Sementara itu, kedutaan AS di Ankara mengatakan bahwa kedutaan akan tetap patuh pada poin-poin konvensi Wina agar tidak mencampuri urusan dalam negeri Turki.
"AS mencatat bahwa mereka mempertahankan kepatuhan terhadap Pasal 41 Konvensi Wina tentang Hubungan Diplomatik," tulis Kedutaan Besar AS di Twitter.
Hal ini juga diamini oleh Gedung Putih. Juru bicara Departemen Luar Negeri Ned Price.mengatakan bahwa Washington akan bekerja sama dengan Ankara demi memajukan hak asasi manusia.
"Kami teguh dalam komitmen kami untuk mempromosikan supremasi hukum, untuk mempromosikan penghormatan terhadap hak asasi manusia secara global," ujarnya
"Pemerintahan Biden mencari kerja sama dengan Turki dalam prioritas bersama, dan seperti sekutu NATO lainnya, kami akan terus terlibat dalam dialog untuk mengatasi ketidaksepakatan apa pun."

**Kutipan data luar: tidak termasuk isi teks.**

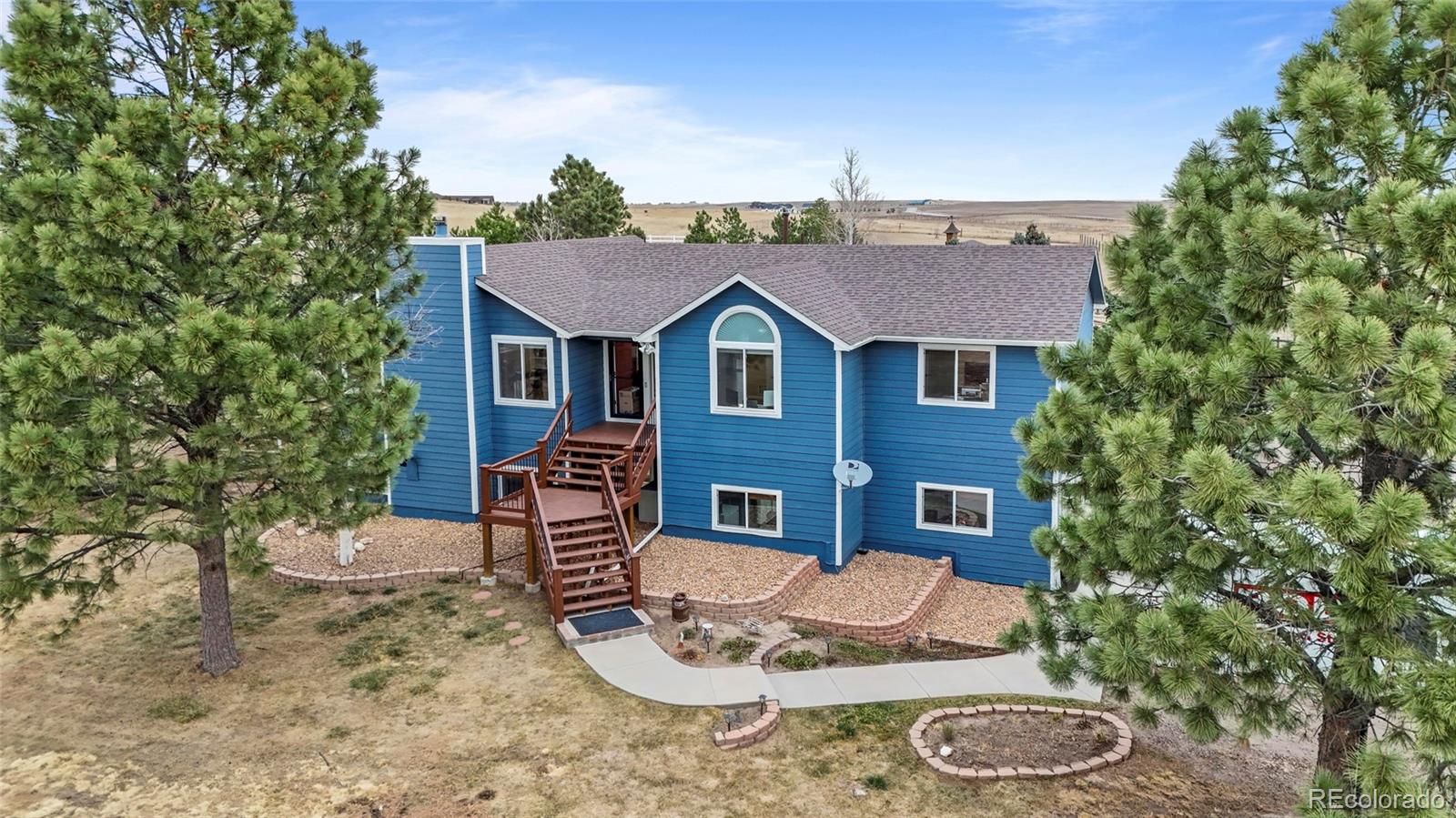 42865 Vista Ridge Road Parker, CO 80138 - Photo 4 of 50 a front view of a house with a yard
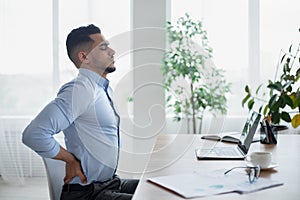 Young Arab businessman having acute back pain, massaging aching muscles, sitting at desk in modern office, copy space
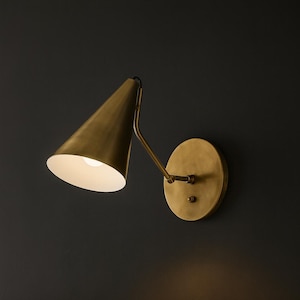 May include: A brass wall light with a conical lampshade and a circular backplate. The sconce is fixed to a dark wall, and the light from the bulb shines downwards. The design is minimalist and modern, suitable for bedroom or living room lighting.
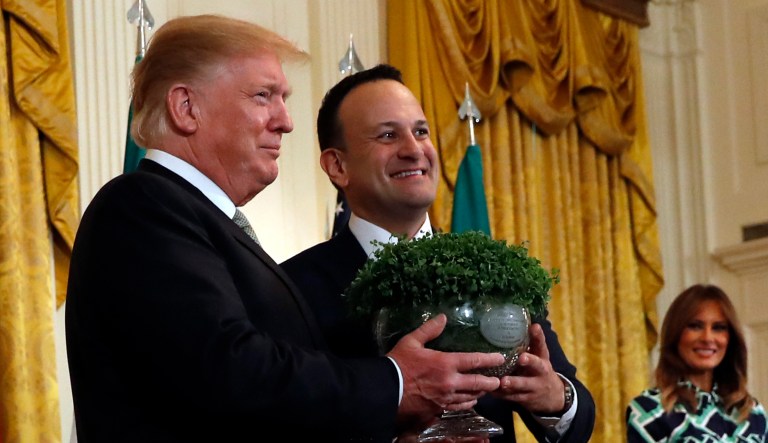 President Trump and Irish Prime Minister Leo Varadkar hold a bowl of shamrocks during the annual presentation of a bowl of shamrocks in the East Room of the White House in Washington, D.C.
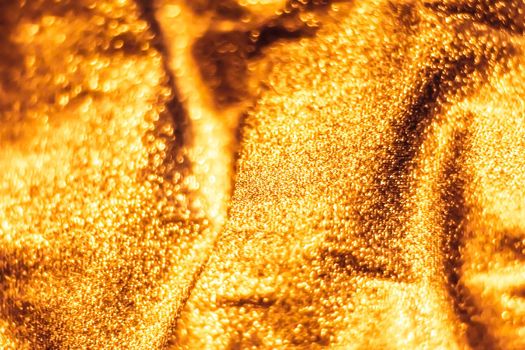 Luxe glowing texture, night club branding and New Years party concept - Golden holiday sparkling glitter abstract background, luxury shiny fabric material for glamour design and festive invitation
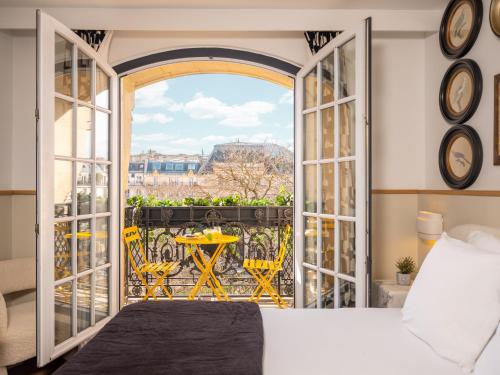 Habitación Doble Confort con balcón y vistas a París del hotel Solly. Foto 4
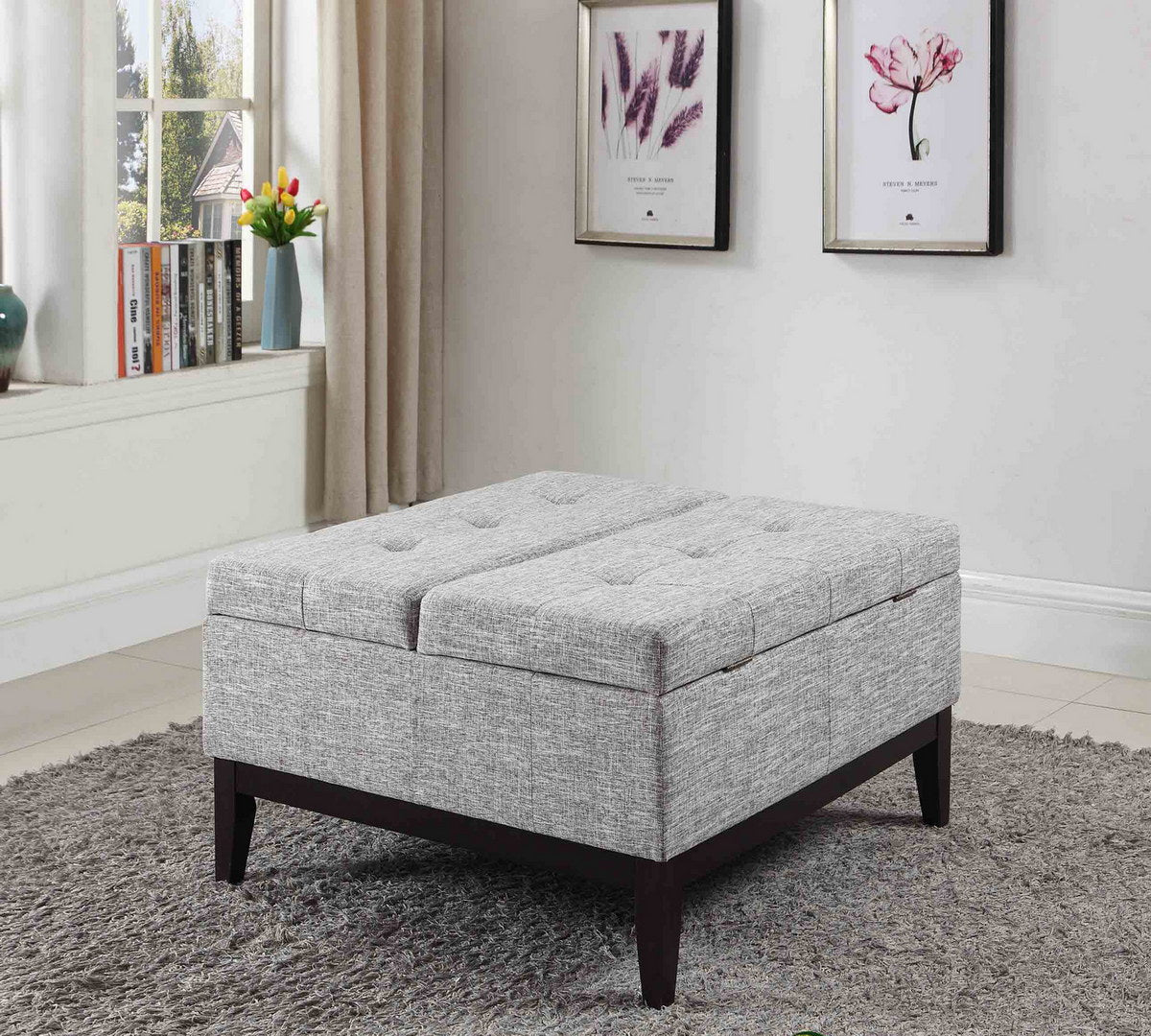 Tufted grey fabric storage ottoman with dark wood legs provides stylish seating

Kavala, seorang donatur untuk banyak kelompok masyarakat sipil, telah dipenjara selama empat tahun dengan dakwaan membiayai protes nasional pada 2013 dan dengan keterlibatan dalam kudeta yang gagal pada 2016. Ia saat ini dalam tahanan, sementara persidangan terakhirnya masih berlanjut.